When The Last of the Mohicans was published in 1826 James Fenimore Cooper was riding a growing wave of fame and critical acceptance. Following on the success of his last two books, The Last of the Mohicans was praised at the time for its non-stop adventure, realism, and intricate plotting. Using historical sources ranging from actual characters, such as Colonel Munro and Major Heyward, to John Heckewelder's An Account of the History, Manners, and Customs, of the Indian Nations, Who Once Inhabited Pennsylvania and the Neighbouring States, and adding to them his own knowledge of the history of the area in which the novel was set, Cooper laid the foundation of his novel with fact and real events.
The Last of the Mohicans introduces Cooper's most well-known character, Natty Bumppo. It is an abduction narrative, and follows the adventures of Bumppo and his two Mohican Indian companions—father and son, Chingachgook and Uncas. They set out to free Munro's two daughters, Cora and Alice, from repeated kidnapping by a group of Huron Indians, led by their chief, Magua.
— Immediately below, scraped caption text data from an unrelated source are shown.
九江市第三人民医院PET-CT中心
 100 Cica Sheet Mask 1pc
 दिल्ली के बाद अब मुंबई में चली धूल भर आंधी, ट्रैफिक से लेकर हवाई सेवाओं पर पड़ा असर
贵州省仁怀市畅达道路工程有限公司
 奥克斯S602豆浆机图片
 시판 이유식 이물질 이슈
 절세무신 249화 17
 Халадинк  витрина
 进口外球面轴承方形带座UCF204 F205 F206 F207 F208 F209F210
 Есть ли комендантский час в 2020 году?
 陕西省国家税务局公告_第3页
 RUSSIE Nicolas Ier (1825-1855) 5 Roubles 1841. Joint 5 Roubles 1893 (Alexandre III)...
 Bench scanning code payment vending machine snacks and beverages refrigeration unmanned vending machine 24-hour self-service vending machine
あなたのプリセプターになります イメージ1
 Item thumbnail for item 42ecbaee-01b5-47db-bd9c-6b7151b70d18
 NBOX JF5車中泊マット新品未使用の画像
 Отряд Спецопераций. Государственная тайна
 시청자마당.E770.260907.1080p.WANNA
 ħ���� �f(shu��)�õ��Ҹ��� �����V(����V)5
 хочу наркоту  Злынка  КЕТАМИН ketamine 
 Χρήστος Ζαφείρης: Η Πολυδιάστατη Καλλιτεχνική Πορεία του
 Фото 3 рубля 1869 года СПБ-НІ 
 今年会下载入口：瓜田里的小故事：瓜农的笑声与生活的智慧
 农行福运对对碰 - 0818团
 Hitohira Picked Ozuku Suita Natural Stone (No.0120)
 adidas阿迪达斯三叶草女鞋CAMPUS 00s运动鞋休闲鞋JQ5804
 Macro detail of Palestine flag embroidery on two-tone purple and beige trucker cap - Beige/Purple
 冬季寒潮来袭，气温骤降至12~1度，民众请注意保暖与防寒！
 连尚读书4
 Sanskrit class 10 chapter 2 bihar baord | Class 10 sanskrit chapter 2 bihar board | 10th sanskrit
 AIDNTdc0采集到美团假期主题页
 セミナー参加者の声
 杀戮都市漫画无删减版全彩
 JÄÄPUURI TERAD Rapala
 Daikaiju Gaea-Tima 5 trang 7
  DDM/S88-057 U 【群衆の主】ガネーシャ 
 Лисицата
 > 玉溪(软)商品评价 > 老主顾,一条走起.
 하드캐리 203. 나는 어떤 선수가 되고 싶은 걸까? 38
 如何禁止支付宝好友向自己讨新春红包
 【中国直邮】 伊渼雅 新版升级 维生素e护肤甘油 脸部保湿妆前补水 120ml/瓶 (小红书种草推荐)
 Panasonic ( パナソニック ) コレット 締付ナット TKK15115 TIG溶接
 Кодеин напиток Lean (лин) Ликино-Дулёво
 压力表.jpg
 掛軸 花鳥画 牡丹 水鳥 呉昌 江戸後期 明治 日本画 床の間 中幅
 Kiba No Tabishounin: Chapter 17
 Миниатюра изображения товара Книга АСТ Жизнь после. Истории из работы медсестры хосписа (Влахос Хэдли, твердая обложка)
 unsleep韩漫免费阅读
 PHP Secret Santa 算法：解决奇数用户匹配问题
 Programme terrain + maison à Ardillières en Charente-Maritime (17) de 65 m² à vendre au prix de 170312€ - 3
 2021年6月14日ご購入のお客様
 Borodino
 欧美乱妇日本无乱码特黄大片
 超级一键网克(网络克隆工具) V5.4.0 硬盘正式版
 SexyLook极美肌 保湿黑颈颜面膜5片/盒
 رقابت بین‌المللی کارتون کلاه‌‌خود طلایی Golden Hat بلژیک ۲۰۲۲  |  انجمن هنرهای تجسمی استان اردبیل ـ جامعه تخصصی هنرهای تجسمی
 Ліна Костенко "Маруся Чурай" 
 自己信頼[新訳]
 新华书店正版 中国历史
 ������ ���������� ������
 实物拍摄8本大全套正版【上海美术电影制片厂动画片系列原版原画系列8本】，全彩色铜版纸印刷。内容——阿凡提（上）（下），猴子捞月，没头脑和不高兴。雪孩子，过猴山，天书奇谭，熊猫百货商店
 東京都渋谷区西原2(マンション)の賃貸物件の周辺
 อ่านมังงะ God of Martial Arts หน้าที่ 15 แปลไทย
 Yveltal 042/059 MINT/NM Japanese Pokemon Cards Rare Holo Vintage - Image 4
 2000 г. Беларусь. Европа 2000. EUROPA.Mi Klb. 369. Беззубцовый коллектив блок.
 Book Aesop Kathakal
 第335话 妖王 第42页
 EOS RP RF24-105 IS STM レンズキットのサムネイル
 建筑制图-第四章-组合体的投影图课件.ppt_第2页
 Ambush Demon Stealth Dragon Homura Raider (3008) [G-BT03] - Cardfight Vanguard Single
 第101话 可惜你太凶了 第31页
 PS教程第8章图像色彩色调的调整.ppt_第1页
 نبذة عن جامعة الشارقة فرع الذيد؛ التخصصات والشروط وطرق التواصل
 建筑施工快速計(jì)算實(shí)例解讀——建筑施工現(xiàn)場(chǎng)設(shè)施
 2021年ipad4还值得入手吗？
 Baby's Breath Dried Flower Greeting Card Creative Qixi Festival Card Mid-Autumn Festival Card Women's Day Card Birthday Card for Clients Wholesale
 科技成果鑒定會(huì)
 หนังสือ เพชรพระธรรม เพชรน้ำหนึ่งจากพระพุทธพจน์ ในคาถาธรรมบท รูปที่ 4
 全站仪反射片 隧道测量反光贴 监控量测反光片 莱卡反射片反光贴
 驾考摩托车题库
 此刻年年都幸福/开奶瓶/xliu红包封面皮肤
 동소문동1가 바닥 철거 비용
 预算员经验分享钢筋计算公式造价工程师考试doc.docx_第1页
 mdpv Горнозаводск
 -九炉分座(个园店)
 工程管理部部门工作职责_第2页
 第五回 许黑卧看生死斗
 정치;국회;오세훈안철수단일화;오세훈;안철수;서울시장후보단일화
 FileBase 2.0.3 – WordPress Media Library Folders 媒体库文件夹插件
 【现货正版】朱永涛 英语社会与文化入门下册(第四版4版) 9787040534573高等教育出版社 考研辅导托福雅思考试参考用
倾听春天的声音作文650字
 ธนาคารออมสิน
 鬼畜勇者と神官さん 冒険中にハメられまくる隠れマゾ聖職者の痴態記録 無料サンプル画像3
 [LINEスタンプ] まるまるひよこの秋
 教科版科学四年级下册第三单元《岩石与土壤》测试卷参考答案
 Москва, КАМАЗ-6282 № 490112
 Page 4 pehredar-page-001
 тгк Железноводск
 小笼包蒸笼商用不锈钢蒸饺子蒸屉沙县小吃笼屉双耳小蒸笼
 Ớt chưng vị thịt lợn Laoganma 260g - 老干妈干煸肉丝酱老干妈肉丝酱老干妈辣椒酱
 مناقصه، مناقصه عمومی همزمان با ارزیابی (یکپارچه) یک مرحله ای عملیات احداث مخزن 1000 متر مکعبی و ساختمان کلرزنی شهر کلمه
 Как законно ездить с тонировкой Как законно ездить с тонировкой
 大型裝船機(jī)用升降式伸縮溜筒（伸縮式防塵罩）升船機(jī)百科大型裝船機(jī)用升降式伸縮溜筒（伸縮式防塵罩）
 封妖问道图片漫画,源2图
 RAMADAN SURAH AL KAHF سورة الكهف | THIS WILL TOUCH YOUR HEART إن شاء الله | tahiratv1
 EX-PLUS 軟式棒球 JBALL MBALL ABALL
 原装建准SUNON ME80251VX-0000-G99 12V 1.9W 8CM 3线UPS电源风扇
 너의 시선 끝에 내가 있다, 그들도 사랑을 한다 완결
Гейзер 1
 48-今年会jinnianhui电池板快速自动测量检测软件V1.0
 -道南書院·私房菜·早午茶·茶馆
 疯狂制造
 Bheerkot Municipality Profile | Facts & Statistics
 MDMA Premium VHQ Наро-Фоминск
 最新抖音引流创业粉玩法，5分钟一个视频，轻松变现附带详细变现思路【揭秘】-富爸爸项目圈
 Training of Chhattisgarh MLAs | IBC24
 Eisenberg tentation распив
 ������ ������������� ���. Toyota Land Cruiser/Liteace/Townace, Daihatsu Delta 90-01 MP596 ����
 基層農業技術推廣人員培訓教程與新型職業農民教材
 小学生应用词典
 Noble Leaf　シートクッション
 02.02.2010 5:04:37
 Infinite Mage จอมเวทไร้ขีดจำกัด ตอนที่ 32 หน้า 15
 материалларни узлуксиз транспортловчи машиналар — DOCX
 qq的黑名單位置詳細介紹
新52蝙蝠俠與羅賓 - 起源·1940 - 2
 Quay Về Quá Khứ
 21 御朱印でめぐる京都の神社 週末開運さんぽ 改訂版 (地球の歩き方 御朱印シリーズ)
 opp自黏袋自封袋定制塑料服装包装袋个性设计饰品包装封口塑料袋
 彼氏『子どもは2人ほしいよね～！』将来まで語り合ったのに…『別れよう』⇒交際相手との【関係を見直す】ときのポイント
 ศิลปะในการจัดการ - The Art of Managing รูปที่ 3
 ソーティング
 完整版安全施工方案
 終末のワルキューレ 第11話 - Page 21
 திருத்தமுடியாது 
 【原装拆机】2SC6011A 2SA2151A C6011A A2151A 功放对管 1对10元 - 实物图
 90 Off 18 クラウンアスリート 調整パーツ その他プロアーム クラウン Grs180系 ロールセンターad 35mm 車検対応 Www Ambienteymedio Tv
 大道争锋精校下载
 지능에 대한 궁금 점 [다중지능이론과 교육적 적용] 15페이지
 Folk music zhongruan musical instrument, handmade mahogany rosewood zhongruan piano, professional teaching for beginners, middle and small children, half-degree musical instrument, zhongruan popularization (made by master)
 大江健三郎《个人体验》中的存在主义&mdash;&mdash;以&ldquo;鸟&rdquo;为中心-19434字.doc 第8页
While well-received and praised in its day, The Last of the Mohicans has since gone through a cycle of neglect and insult, and back into critical favor. Later critics found it very unrealistic, and considered its characters stereotyped. Cooper was taken to task for his portrayal of the Indians in the book. Uncas and Chingachgook were thought to be too idealized, and Magua far too villainous. The women in The Last of the Mohicans and Cooper's other books were considered to be mere damsels in distress, and completely undeveloped as characters. By the 1950s, Cooper had regained supporters, and was placed once again in the position as the father of the American novel. His lapses in style, sometimes poorly developed characterizations, and other literary offenses have been largely forgiven due to his role as pioneer of the American novel.